Recently I described how to use neural networks to recognize handwritten digits from MNIST dataset: Neural Network Training Using encog.
One of real world usage of machine learning is image detection: find object location on the image. Facebook finds faces on photos; Google self-driving cars detect pedestrians, cars and traffic signs.
I tried to use a neural network to detect eyes on photos. Yes, I know that there are many tools in various computer vision toolkits which are good to solve this problem, but I want to try generic object detection problem, and not focus just on face recognition. Though I’m good in software engineering, machine learning is very new field for me, and this is my first practice in image detection.
The system should get an image as an input, and provide a location (x, y, width, height of a rectangle) of eyes on the image.
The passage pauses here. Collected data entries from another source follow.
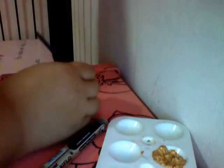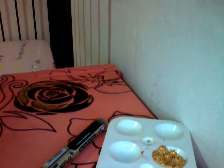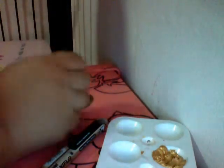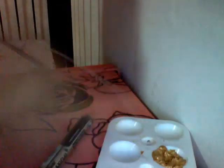If you find that the paint is a little bit too thick and it's difficult for you to paint, you can add a little bit of water. You don't have to do it so perfectly. We're done with painting the rose gold.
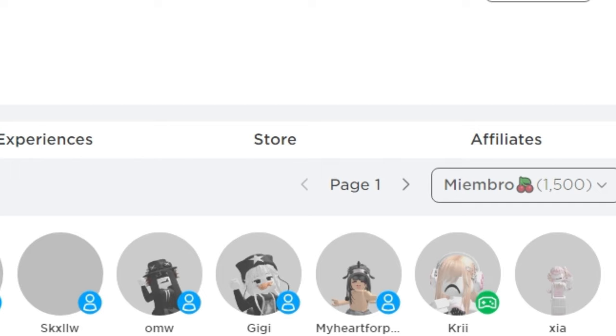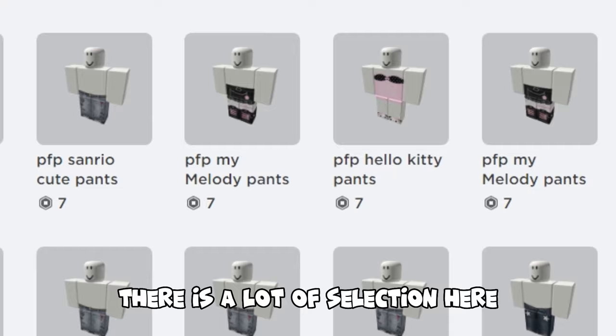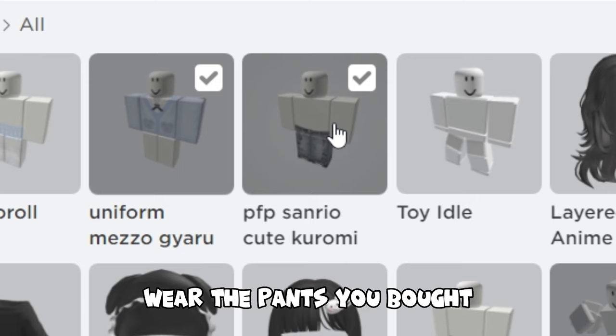Go to the store. There is a lot of selection here. Make sure you pick the one that says PFP on it.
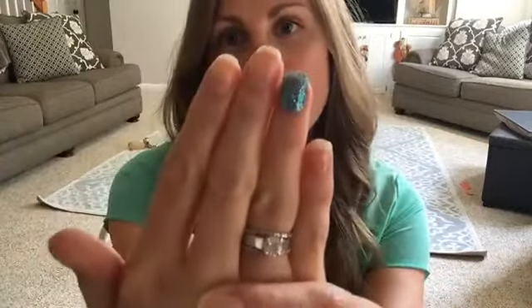Hey everybody! I've got some samples on my hands and I want to show you how to apply yours. Yours is going to be coming in the mail and when it arrives, don't wait — apply it so you can be amazed at the Color Street. It really is amazing, blows my mind every time I apply it.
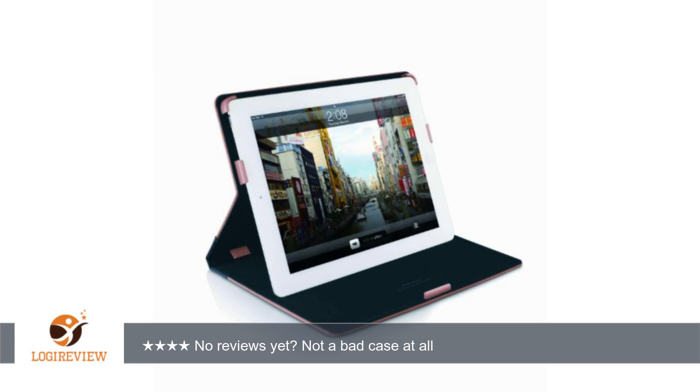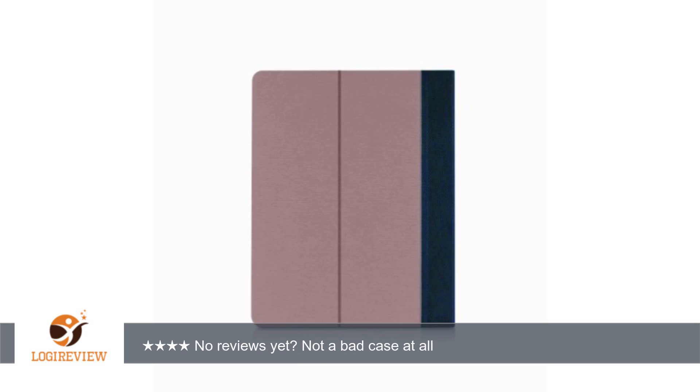Using the iPad in book mode is okay. It has the same problem as most covers in that the front and back cover aren't flush when you wrap it around, and there's a clip that hangs on the right. I've gotten used to it and it's actually better than some of the other covers I've tried. I've given up on finding the perfect cover for book-style use.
It is not much useful to send the whole image to a neural network and expect to get an object location, as a result. Probably it is possible to train such neural network, but it will take tremendous computational power and huge training dataset.
Sliding window approach can be used instead. A neural network is trained for classification of fixed size images, for an example it can just classify if the image is an eye or not. The system gets part of the image and classifies it. Then it gets another part of the image, slightly sliding its position, and so on. When all the image is covered, it starts over with sliding window of different size. When the process finishes, there are results of classification for every part of the image, therefore a location of all found objects is known.
Preparing a training dataset is another interesting problem. It is hard to find something useful publicly available. I made very small dataset using my own photos. It is easy to use annotated photos to grab sample of an object for training. To get samples of images which have no objects I just got random parts of the same photos, which do not overlap much with object rectangles. Maybe there are better ways to build a dataset using annotated images, I would be glad to know about it.
The source code can be found here: https://github.com/surmenok/ImageRecognition (see objectDetection package there).
Performance of a neural network with 2 hidden layers, with 500 neurons in each, is very far from perfection. One thing that makes it better is narrowing search space: first find a face, and then search for eyes only there. Another useful thing might be to take into account location of a sample related to location of the face. Both these things mean using some sort of domain knowledge: how different types of objects relate to each other.
It could be that simple neural networks are not the best tool for this problem. It is worth to try convolutional neural networks.